Coach McLellan commented on his offensive focus after Tuesday’s game versus the Lightning. “The fact that we keep using him, putting him out in all different situations . . . down by a goal, up by a goal, obviously we believe in him or we wouldn’t be doing that. The organization needs to sit down and make decisions based on what’s right for him, for us, for the future, for now.” Saturday with the Leafs in town, Clarke was on the sidelines, scratched. And again, Monday in St. Louis, he was press-box-confined.

Was it the freewheeling but ultimately unsuccessful effort of the team versus Winnipeg (game 10), coming on the heels of a 4-2 win versus the Lightning at home in team game nine? Or the fact that he’s at eight games played and would have just one more before he would have to be retained for the year rather than going back to Junior in Barrie (the Colts)? More likely, and while you have him up, why not have him observe from way upstairs to see what he can learn off the ice?

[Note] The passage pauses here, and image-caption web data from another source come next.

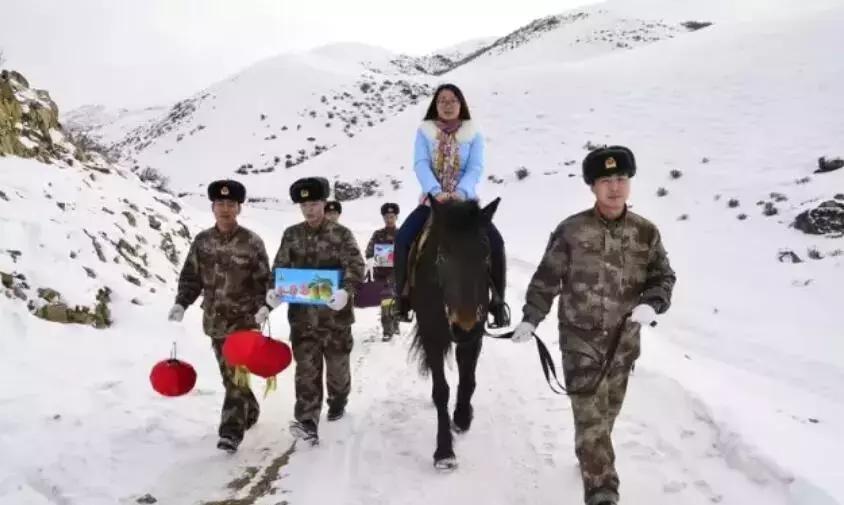 新的一年对军人的祝福,春节对军人的祝福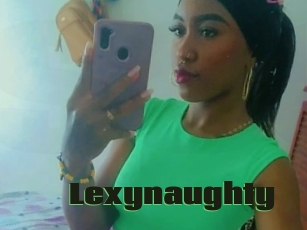 Lexynaughty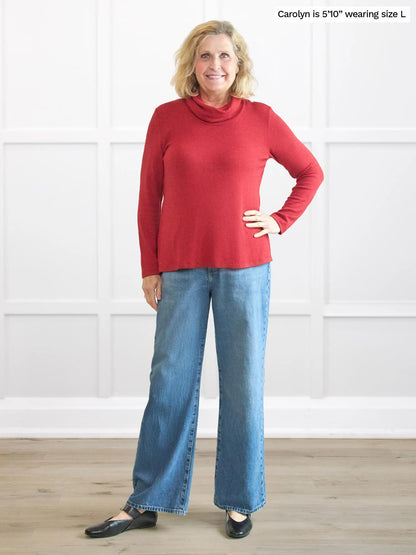 Miik model Carolyn (5&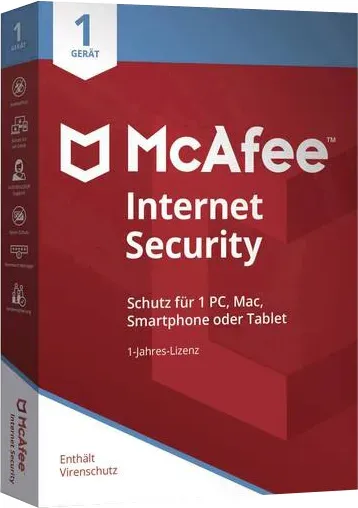 McAfee Internet Security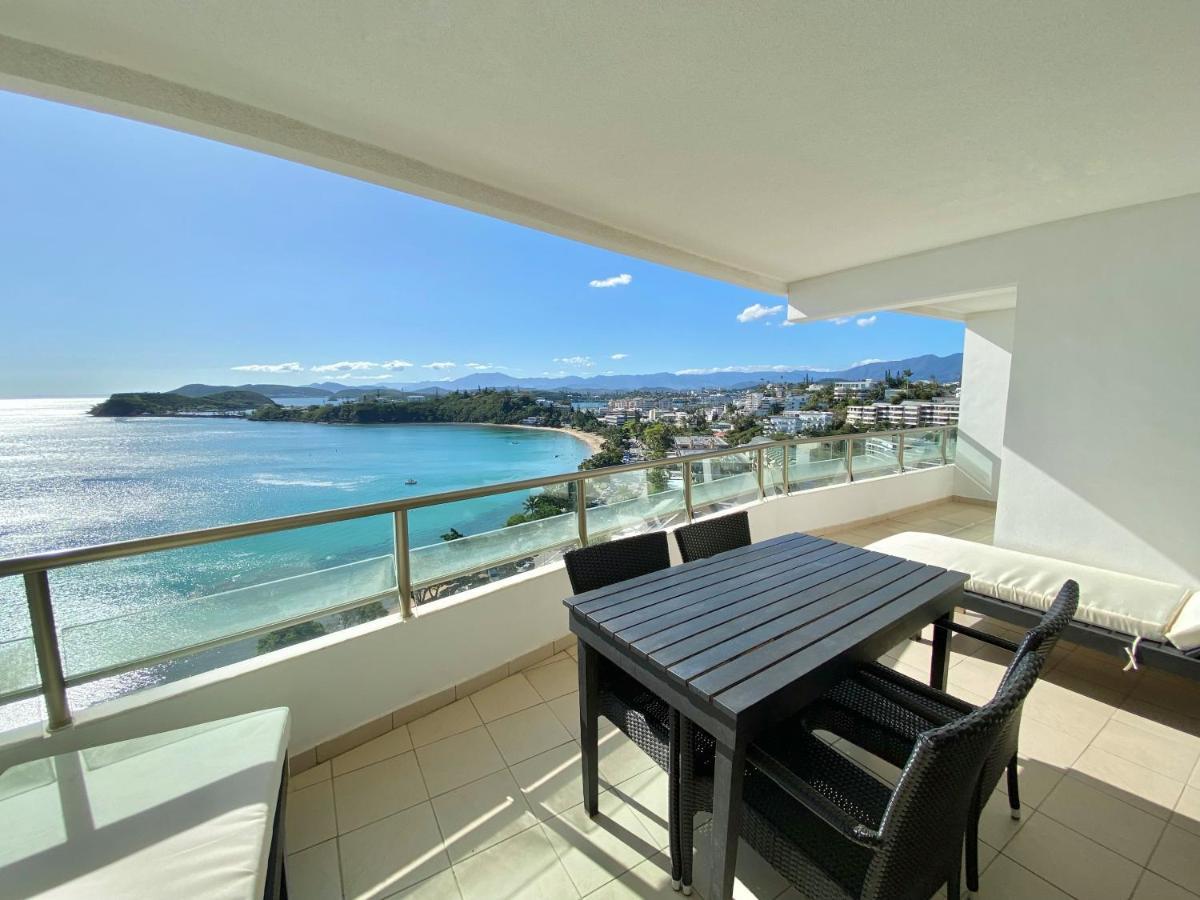 Casa Del Sole Apartments นูเมีย ภายนอก รูปภาพ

McLellan commented as follows when IH asked him what accountability a player has when he’s sitting out. “Accountability afterwards is hard, because you just don’t always have the time to follow up. [Assistant Coach] Trent Yawney will follow up with him. I know that he sat with him, even when we were playing against Tampa Bay, for example, he, you know, [said] ‘Take a look at what Hedman’s doing. Take a look at what Doughty is doing.’ There’s some really good defensemen that I think he can learn from, and often when a player doesn’t stay in the lineup, he comes out, I think the thought process is he’s playing poorly or it’s punishment. For young players it’s not always that; sometimes it’s good to reset yourself, watch a game, especially from far. You get a chance to anticipate what may be happening, what may be open, and watch your teammates and the other team.”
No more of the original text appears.